Tant de beauté se devait d’être protégée et c’est désormais chose faite avec le Parc naturel des Volcans qui englobe une quarantaine de cônes volcaniques et une vingtaine de coulées de lave. Particularité : presque tout le parc appartient à des propriétaires privés qui jouent le jeu touristique, en acceptant que des randonneurs arpentent les 28 itinéraires pédestres proposés, pour la plupart parfaitement balisés. Evidemment, pas question de capturer des animaux ou d’emporter plantes et roches…

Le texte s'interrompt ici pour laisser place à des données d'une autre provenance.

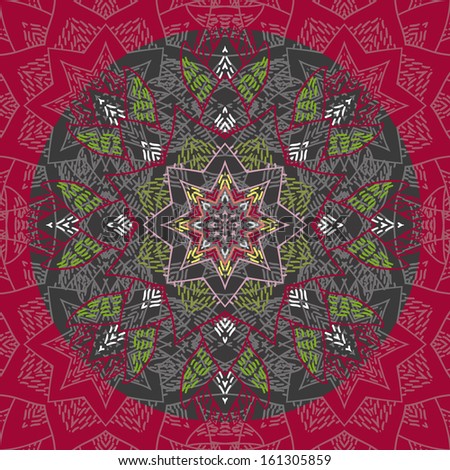 Symmetrical circular lace decoration, unusual ornate background with the effect of a kaleidoscope. Used clipping mask.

Mille univers Au-delà de l’intérêt des volcans, le parc englobe beaucoup d’espèces d’arbres, notamment toutes sortes de chênes et aussi une hêtraie de légende, la fageda d’En Jorda, une formidable cathédrale végétale où niche volontiers de mémoire de garrotxi, le sublime rovelló, le lactaire délicieux. A l’entrée, une stèle salue le poète Joan Maragall, auteur d’un magnifique poème dédié à ce bois magique. Les fûts vertigineux des hêtres vénérables ont poussé sur la coulée de lave du volcan du Croscat qui relie Santa Pau, Olot et les Preses. L’espace muséal du volcan du Croscat présente une exposition sur le volcan, son cône et son cratère ouvert en forme de serrure, sa coulée de lave, sa dense végétation et ses gravières longtemps surexploitées. Respect du passé Le parc de Pedra Tosca longtemps exploité comme zone agricole avant d’être abandonné, a été peu à peu restauré jusqu’à retrouver sa physionomie d’il y a 150 ans, soit son labyrinthe de chemins, de murs de pierres sèches, de fours de charbonniers et de cabanes, indispensables pour tenter de dompter une terre d’une dureté exceptionnelle. Cet important travail de mémoire a même reçu un prix européen, le prix Rosa Barba. Sur la route qui va d’Olot à Santa Pau, à la hauteur du hameau de Can Xel, ne ratez pas le volcan de Santa Margarida, ainsi nommé parce que son cratère, aujourd’hui recouvert d’une prairie, abrite une chapelle. Hêtres et chênes ourlent en alternance le périmètre de la caldeira.

A pied, à cheval

Pour parcourir la Garrotxa, tous les moyens sont bons : à pied bien sûr, mais aussi à dos d’âne ou de mulet le long des sentiers balisés qui traversent champs et forêts : de quoi comprendre la vie rude des traginers d’autrefois. Vous pouvez opter pour le vélo, le long de l’ancienne ligne de chemin de fer qui reliait Olot à Girona, par exemple. Un train légendaire : el tren d’Olot que se’n va quan vol i s’atura quan pot ! (Le train d’Olot qui part quand il veut et s’arrête quand il peut). Rassurez-vous, les pistes cyclables sont nombreuses. Si vous aimez le train, le vrai, celui qui tortille, prenez le « tricu-tricu » qui va de Olot au Vall de Bianya en passant par la vall d’en bas et Sant Joan les Fonts : un peu lent, mais idéal pour comprendre à quel point la Garrotxa est d’abord un pays de mas !

La Garrotxa vous séduira par la variété de ses paysages, de ses climats, de ses habitats. Diverse, plurielle et pourtant si typée qu’on en garde longtemps le goût, comme ces vins de garde qui enchantent le palais à des années de distance. Littéralement envoûtante. Comme sa capitale, Olot.